All three of those are open challenges. Until they are solved, we can consider an easier task: solving a competitive programming problem that is (either initially, or by the means of rewriting) very close to the solution, e.g:

“Given an array of numbers, are there two numbers a and b in that array such that c = a XOR b also appears in the array, and the largest number among a, b and c is smaller than the sum of the remaining two?"

Can we solve it? With the modern technology, not yet, and it makes sense to learn how to solve such problems before we even get to the more complex one-shot learning part.

Deep Learning models by design are probabilistic. Each prediction they make has some certainty associated with it, and therefore they generally keep having some chance of making a mistake even when trained well. If a model predicts code one token at a time, and a code snipped comprises 200 tokens, the model with 99% per-token accuracy would mess up at least one token with probability 87%. In natural language translation this is acceptable, but in Program Synthesis messing up one token most likely leads to a completely wrong program.

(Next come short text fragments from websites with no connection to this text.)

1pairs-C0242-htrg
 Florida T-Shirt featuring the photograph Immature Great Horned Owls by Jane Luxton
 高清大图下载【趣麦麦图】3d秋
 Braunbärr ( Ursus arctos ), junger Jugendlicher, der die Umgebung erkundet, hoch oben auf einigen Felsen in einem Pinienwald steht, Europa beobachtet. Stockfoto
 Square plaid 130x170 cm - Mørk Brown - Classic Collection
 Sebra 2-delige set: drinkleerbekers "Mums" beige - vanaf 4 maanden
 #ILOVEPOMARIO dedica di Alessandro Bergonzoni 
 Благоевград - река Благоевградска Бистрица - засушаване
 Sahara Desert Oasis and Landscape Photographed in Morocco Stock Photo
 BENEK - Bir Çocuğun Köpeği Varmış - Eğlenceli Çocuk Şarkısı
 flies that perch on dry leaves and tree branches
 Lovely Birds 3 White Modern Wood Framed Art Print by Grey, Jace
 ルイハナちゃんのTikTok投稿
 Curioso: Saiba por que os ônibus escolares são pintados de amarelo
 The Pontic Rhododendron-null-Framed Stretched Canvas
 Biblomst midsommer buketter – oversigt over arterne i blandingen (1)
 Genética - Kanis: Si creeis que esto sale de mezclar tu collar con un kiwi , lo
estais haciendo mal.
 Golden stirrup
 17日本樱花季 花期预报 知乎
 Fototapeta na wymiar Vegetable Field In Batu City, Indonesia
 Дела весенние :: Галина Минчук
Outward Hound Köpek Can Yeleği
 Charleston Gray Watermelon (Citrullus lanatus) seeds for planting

Notably, more traditional approaches from code synthesis (used primarily for programming by examples) don’t suffer from the same problem. Marrying classic programming languages approaches with deep learning approaches is very desirable, but at this time very little success was achieved.

Is it NEAR?

At NEAR, we are attempting to address many of the above problems. Here we will shortly cover our efforts that are relevant to solving competitive programming.

As we mentioned above, even though competitive programming data is rather clean, it has some unnecessary fluff in the statements that we’d love to get rid of. For that we asked the community to rewrite problem statements in such a way that only a very formal and dry description of what exactly needs to be done is left.

We also used help of the community to collect a dataset of statement-solution pairs in which no external knowledge (such as properties of XOR or triangles) is needed to write a solution given the statement. We plan to release a part of this dataset during NAMPI 2018, so stay tuned.

This dataset is a set of problems with statements super close to the solutions. Such problems are easier for a machine than even the simplest real problems on a real contest, but this dataset not only serves as the first milestone (being able to solve it is a prerequisite to solving more complex problems), it is also a good curriculum learning step — a model that was taught to solve such problems is expected to pick up solving more complex problems more easily than a model that was not.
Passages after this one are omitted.